### Exercise
Write out again, please, the records below from the first line to the line holding "BÜROSTUHL Weiß-Pink ergonomisch", inclusive, and nothing else.

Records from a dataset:

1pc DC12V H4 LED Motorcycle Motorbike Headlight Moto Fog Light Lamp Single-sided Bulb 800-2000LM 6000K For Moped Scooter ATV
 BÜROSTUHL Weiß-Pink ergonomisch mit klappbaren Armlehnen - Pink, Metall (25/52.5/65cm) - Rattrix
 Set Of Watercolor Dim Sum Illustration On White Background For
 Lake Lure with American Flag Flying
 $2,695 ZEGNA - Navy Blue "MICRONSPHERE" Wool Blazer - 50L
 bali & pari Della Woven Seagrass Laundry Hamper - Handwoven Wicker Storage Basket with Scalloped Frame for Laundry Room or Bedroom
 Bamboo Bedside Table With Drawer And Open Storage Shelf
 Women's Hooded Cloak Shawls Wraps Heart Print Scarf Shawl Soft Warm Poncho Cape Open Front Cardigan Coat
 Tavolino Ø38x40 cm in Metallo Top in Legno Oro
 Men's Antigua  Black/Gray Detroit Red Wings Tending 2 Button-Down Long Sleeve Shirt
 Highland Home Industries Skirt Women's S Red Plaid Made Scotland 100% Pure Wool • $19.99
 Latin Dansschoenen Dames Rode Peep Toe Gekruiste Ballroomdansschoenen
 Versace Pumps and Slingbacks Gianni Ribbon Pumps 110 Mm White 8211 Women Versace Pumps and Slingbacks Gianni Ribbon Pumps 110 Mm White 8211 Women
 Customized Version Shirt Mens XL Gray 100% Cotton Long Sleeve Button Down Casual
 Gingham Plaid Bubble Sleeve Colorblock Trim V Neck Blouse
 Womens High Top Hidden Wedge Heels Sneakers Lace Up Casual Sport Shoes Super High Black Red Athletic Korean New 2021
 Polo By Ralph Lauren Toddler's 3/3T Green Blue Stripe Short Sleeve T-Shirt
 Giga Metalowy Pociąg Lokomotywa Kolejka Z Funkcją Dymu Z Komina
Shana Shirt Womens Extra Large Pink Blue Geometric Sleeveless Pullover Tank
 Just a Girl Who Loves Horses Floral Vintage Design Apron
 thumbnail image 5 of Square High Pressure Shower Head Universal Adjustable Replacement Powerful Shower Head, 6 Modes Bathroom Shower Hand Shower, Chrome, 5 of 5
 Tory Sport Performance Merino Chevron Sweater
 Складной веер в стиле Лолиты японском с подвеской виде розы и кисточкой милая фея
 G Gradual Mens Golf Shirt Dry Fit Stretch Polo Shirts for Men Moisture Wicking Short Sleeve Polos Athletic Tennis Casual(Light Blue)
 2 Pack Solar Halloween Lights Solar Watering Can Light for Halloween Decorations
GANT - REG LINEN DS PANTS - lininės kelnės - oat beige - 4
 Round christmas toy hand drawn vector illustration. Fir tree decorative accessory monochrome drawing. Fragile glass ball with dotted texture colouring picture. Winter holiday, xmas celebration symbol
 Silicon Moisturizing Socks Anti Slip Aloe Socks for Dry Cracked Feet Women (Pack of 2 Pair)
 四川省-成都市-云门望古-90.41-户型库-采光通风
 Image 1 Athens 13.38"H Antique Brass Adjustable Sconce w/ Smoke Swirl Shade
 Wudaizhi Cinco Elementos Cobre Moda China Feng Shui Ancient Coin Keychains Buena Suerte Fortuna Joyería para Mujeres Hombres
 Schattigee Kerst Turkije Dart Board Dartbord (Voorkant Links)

### Answer for the task
1pc DC12V H4 LED Motorcycle Motorbike Headlight Moto Fog Light Lamp Single-sided Bulb 800-2000LM 6000K For Moped Scooter ATV
 BÜROSTUHL Weiß-Pink ergonomisch mit klappbaren Armlehnen - Pink, Metall (25/52.5/65cm) - Rattrix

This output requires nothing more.